Brittany Cozart, a 15-year-veteran correctional officer who has spent the last six years working at the Metropolitan Transition Center in Baltimore, said that the staffing shortages have led to serious injuries, including one officer who was brutally assaulted last year and lost one of his eyes as a result.
“We’re not able to get the work done, and those of us that are getting the work done and staying are not being compensated for all of the extra work that we’ve taken on,” Cozart said. “This has led to numerous resignations, health issues and even death for some of our fellow officers.”
The union is recommending that the Department of Public Safety and Correctional Services streamline and “decentralize” its hiring process, allowing the hiring department to move more quickly and select candidates based on individual institutions’ needs.

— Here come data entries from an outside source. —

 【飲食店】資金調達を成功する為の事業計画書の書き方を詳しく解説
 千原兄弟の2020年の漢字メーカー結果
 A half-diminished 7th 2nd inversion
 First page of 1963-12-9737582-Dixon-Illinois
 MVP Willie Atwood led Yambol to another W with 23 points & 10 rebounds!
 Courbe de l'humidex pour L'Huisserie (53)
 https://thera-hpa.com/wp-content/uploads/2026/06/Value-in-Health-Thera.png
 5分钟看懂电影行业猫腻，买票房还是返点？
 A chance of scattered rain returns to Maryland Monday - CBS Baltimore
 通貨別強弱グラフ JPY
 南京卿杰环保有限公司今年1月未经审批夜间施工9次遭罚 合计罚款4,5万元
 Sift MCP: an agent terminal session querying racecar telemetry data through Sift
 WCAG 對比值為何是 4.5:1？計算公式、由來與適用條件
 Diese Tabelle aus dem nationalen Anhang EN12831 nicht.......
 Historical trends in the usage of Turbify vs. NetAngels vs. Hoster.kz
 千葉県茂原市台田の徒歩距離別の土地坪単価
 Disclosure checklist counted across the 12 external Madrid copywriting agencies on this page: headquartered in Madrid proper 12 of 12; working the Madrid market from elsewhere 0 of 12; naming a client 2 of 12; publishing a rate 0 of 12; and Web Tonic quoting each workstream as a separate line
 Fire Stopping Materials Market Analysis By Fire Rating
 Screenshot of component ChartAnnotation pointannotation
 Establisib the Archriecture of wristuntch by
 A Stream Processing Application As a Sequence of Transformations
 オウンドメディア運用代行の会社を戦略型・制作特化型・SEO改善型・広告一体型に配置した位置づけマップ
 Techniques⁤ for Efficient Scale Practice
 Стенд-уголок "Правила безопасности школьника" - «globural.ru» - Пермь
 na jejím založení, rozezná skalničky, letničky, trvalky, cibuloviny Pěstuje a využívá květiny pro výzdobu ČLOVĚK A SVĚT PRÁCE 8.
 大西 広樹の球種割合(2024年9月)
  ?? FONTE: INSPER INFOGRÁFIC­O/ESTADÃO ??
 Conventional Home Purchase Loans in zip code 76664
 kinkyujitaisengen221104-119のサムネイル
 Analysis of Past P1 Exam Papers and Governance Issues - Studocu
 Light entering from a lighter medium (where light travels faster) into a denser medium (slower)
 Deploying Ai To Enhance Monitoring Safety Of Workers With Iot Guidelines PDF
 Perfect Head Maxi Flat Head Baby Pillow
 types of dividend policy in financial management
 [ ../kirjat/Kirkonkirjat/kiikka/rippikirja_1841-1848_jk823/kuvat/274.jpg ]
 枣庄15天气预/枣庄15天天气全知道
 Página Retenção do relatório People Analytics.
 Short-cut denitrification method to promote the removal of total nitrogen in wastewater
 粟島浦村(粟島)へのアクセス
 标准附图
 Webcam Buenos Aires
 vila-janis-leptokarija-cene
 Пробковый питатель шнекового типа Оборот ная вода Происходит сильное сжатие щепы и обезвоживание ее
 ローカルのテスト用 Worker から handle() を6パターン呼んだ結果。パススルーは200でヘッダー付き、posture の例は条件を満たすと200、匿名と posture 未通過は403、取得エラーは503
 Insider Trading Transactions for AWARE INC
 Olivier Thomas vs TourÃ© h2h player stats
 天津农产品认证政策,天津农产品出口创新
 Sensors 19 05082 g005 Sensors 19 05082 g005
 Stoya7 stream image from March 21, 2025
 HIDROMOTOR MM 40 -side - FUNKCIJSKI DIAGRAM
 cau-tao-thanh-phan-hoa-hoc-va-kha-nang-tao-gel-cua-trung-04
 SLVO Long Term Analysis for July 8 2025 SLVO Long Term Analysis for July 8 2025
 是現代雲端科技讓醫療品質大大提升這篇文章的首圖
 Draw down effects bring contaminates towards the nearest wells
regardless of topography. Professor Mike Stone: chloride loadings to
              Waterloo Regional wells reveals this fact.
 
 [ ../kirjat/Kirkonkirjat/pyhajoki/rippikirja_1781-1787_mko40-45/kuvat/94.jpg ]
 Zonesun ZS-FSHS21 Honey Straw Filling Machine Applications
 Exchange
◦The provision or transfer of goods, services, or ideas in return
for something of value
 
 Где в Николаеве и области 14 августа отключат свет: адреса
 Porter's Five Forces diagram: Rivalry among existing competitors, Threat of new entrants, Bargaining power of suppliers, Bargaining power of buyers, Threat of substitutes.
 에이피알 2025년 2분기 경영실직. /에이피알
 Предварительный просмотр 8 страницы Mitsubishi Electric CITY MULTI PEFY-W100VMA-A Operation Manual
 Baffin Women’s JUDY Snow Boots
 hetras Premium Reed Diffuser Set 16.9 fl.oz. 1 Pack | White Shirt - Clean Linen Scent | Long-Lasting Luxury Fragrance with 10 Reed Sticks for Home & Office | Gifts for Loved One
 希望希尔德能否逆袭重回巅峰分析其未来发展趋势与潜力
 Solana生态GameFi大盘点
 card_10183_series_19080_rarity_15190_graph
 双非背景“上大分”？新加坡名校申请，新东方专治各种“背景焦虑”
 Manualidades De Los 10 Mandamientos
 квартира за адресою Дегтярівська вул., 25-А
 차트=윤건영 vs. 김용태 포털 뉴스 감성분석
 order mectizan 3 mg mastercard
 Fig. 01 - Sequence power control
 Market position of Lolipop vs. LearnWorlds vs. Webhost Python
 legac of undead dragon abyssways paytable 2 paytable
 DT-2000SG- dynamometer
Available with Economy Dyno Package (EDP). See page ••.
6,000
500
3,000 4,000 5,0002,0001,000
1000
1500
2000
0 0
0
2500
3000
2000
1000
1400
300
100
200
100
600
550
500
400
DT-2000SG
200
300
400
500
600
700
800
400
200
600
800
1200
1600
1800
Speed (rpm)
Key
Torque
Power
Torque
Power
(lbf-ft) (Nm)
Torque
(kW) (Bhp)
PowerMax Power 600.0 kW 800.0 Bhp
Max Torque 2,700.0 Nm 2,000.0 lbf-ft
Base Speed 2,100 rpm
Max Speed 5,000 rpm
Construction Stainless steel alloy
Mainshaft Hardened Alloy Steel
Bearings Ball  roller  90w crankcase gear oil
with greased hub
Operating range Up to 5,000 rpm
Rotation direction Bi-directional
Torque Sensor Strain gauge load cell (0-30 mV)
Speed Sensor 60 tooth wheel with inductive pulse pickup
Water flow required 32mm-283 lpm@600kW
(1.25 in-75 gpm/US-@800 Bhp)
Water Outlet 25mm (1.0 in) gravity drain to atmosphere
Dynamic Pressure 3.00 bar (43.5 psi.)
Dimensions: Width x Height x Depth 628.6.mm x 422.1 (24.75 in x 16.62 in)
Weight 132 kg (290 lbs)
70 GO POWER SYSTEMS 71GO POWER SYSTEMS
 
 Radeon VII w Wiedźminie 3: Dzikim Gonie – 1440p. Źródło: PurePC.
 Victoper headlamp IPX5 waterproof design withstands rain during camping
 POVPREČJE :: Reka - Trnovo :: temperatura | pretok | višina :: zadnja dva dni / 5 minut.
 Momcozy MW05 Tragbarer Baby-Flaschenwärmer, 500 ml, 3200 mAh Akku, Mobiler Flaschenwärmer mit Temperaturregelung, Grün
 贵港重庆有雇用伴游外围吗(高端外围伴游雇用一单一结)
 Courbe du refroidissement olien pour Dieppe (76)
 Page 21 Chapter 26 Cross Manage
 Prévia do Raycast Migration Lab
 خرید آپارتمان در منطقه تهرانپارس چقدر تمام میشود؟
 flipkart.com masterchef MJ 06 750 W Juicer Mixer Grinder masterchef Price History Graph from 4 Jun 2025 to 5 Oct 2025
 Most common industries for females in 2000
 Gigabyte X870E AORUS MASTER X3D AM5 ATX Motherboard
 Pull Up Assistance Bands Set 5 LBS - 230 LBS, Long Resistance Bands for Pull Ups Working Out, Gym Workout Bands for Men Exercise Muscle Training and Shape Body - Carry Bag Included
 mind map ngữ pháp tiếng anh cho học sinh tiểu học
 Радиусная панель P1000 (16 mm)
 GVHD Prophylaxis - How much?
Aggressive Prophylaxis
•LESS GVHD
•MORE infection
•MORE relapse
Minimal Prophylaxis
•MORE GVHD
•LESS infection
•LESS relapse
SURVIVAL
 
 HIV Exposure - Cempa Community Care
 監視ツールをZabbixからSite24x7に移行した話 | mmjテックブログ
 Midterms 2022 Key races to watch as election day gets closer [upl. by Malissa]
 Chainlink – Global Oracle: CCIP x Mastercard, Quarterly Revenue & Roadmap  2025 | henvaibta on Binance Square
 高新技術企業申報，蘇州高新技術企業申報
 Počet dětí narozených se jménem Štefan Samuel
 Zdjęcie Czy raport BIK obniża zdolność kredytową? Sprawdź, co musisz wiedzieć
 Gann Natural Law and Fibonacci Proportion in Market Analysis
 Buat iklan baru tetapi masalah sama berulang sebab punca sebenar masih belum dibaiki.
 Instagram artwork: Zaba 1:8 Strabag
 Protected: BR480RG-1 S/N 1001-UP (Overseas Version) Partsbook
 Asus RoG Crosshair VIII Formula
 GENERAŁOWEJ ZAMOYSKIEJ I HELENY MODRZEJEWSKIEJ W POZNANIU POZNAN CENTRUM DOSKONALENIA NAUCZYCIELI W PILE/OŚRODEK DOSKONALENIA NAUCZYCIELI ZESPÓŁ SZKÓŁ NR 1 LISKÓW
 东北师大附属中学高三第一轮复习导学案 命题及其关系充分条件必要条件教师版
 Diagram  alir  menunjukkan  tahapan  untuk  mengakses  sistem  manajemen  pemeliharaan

It is also recommending more lucrative retirement packages and that the agency restore wages being based on years of service to incentivize retention as seasoned correctional officers leave for less dangerous work environments, like Amazon shipping hubs.
The Maryland Department of Public Safety and Correctional Services said in a statement that the vacancies and staff shortages were “alarming,” but added that Gov. Wes Moore “has been very clear that it is a major priority of his to fill these roles and get the state government back to firing on all cylinders.”
The department said that it has hired 404 new employees, though it did not specify how many of them were correctional officers, since Secretary Carolyn Scruggs has taken over — 62% more hires than at this point last year.